What is needed: Retype nothing except the lines below from the one with "ModCloth Bit of" through the one with "Victory Red /", exactly, with images left out.

Provided records:
========================================================================

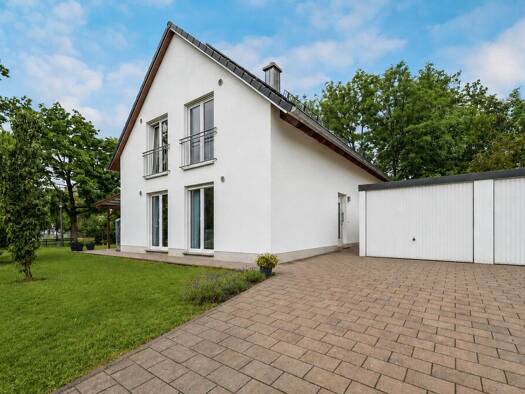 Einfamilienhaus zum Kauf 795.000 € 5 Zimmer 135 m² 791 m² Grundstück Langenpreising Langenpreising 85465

========================================================================

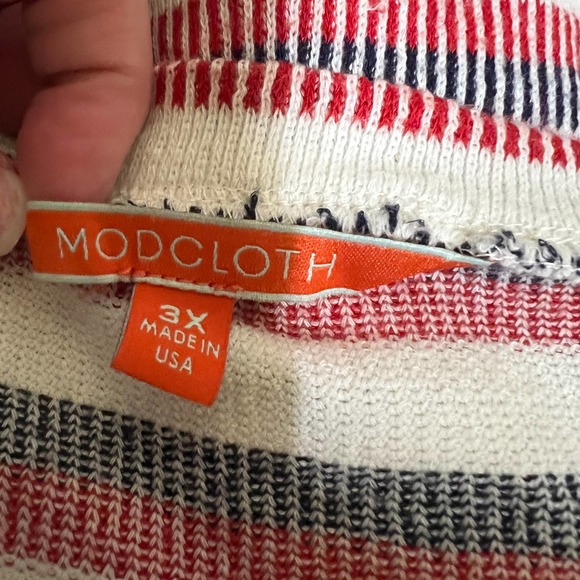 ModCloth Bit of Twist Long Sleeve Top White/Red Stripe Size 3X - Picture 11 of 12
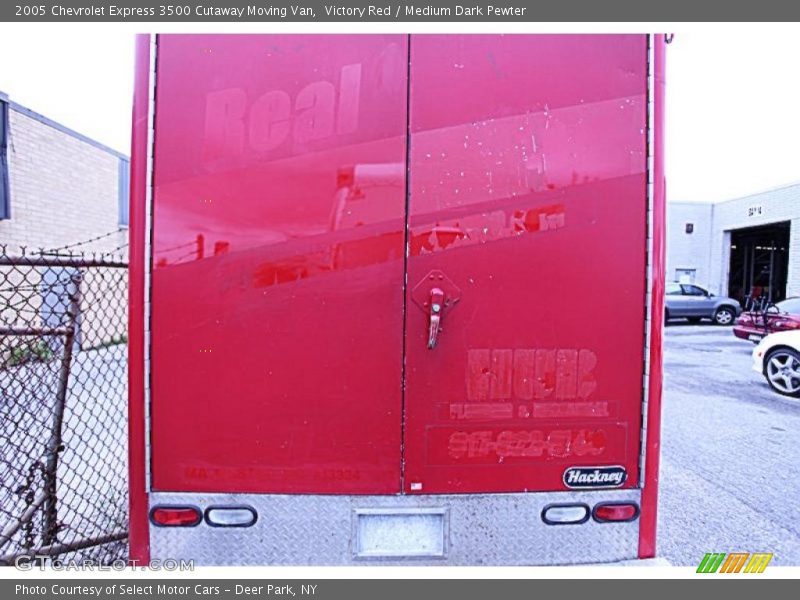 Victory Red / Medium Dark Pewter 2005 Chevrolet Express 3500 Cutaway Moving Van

========================================================================

Expected answer:
 ModCloth Bit of Twist Long Sleeve Top White/Red Stripe Size 3X - Picture 11 of 12
 Victory Red / Medium Dark Pewter 2005 Chevrolet Express 3500 Cutaway Moving Van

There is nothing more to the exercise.